Em um dos apartamentos em que morei, tinha uma lista de regras. Muitas foram obedecidas por anos a fio. Não deixar namorado dormir no apartamento (se ele estivesse bêbado demais para dirigir, até poderia tirar um sono), lavar o que usou, não deixar a casa desarrumada, não pegar roupa emprestada sem comunicar, e outras coisas, faziam parte da lista. O que me deixava intrigada era uma regra absurda, "a meu ver", mas que eu deveria cumprir: amigos, namorados ou sei lá quem, não poderiam ligar depois da meia noite, com exceção de parentes ou caso de acidentes. Na casa, eu era a única do ramo da madrugada. Todas as outras meninas dormiam, no máximo à s 10 horas da noite. Mas sempre tive amigos que dormiam pouco, e eu chegava tarde em casa, por isso, essa regra me deixava louca de ódio. Um belo dia, resolvi arrumar uma forma de burlar a regra. Comprei um telefone novinho, cheguei em casa e coloquei no silenciador. Ficava com ele na mão, até "sentir" que estava tocando, e com isso, falava até as duas ou três horas da manhã. Antes de dormir, trocava o botão para que o aparelho voltasse a funcionar direito, com o toque perfeito para as meninas. Só que um dia esqueci de trocar o botão e minha farsa foi descoberta. Vejam bem, éramos cinco no apartamento, por isso, quatro contra um, somente eu queria falar ao telefone até mais tarde. Fiquei irritada, gastava telefone para caramba, pois tinha que ligar para as pessoas, pois só assim, ninguém ouvia toque nenhum.
Sissy era a mais empolgada em transformar essa regra em testamento assinado em cartório. Até alguma risada mais alta minha era motivo de desavença. Passava noites em claro achando uma forma de mudar as coisas, mas não tinha jeito.
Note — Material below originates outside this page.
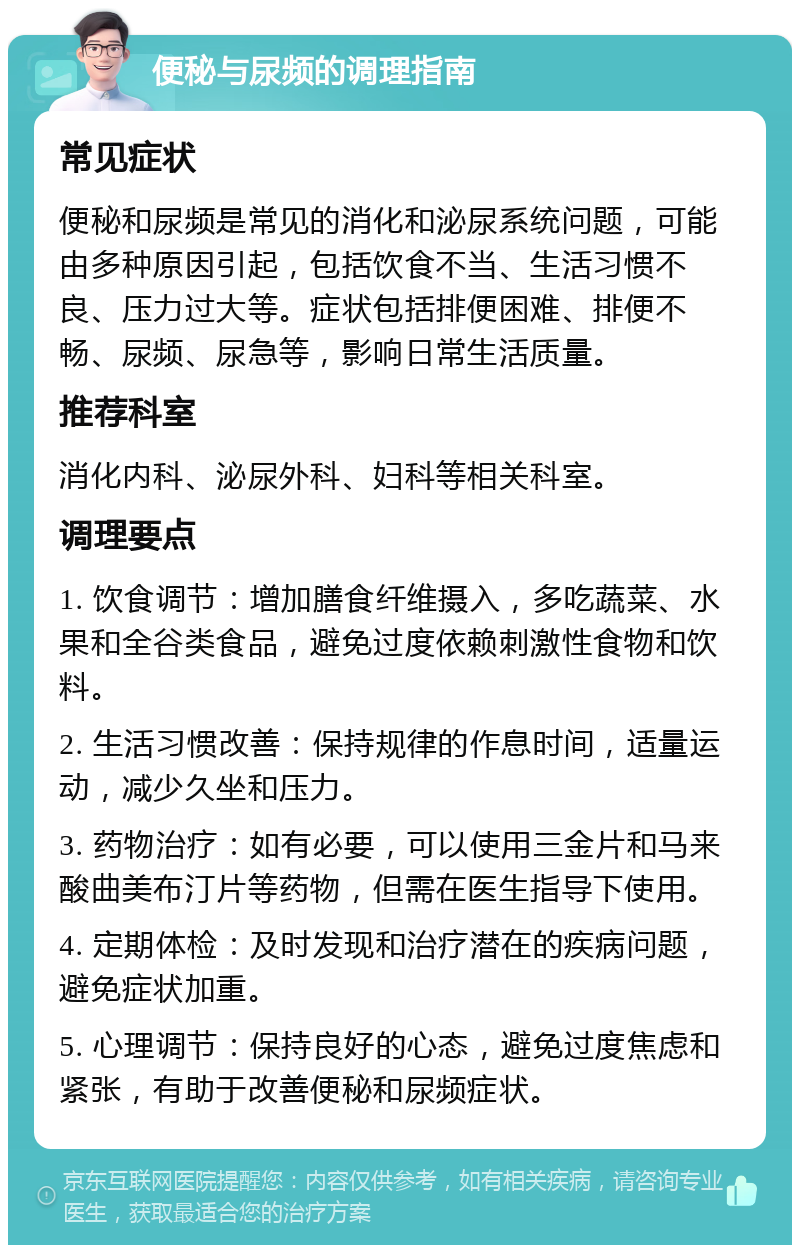 便秘与尿频的调理指南 常见症状 便秘和尿频是常见的消化和泌尿系统问题，可能由多种原因引起，包括饮食不当、生活习惯不良、压力过大等。症状包括排便困难、排便不畅、尿频、尿急等，影响日常生活质量。 推荐科室 消化内科、泌尿外科、妇科等相关科室。 调理要点 1. 饮食调节：增加膳食纤维摄入，多吃蔬菜、水果和全谷类食品，避免过度依赖刺激性食物和饮料。 2. 生活习惯改善：保持规律的作息时间，适量运动，减少久坐和压力。 3. 药物治疗：如有必要，可以使用三金片和马来酸曲美布汀片等药物，但需在医生指导下使用。 4. 定期体检：及时发现和治疗潜在的疾病问题，避免症状加重。 5. 心理调节：保持良好的心态，避免过度焦虑和紧张，有助于改善便秘和尿频症状。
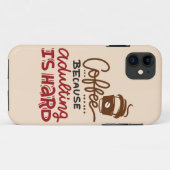 Kaffee, weil Erwachsenwerden schwer ist Case-Mate iPhone Hülle (Rückseite (Horizontal))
Até pedi ao namorado de Sissy que ligasse para ela depois da meia noite, para que eu pudesse descontar no outro dia, mas ele não aceitou minha proposta. Passei mais de um ano cultivando uma raiva enorme em relação a isso.
Meses se passaram e um dia estava na sala do apartamento, eram 3 horas da manhã e o telefone tocou. Corri para atender, com medo de ser "despejada do aluguel". Do outro lado da linha escuto uma voz de bêbado dizer: _ Aló, quero falar com a Sissy. No primeiro momento calculei que estivesse sonhando, depois achei que só poderia ser um bêbado mesmo para querer falar com ela à quela hora. Conclusão: o homem não desistiu de jeito nenhum e tive que chamar a Sissy, essa veio como um tiro, pois eu disse que um bêbado estava ligando. O homem dizia ser um antigo admirador e não largava o telefone. Sissy desligava e o sujeito ligava de novo. Essa história toda durou até as 6 da manhã. Todo mundo acordou, todas as meninas falaram com o bêbado. E nesse momento tive que me vingar. Olhei bem para a cara da Sissy e soltei o verbo. _ Querida, amanhã vou falar nesse telefone até que meus ouvidos peçam perdão a Jesus Cristo por todos os pecados, porque ligam para mim depois da meia noite, mas nenhum se parece com o seu bêbado. Todas as meninas riram e Sissy, junto com a galera, me deu a permissão de usar o telefone depois da meia noite.
Detalhe: o bêbado era um amigo meu que fazia teatro na época. Pedi que ele ligasse para encher o saco da Sissy e para que, enfim, eu pudesse ouvir o toque do telefone pela madrugada a fora.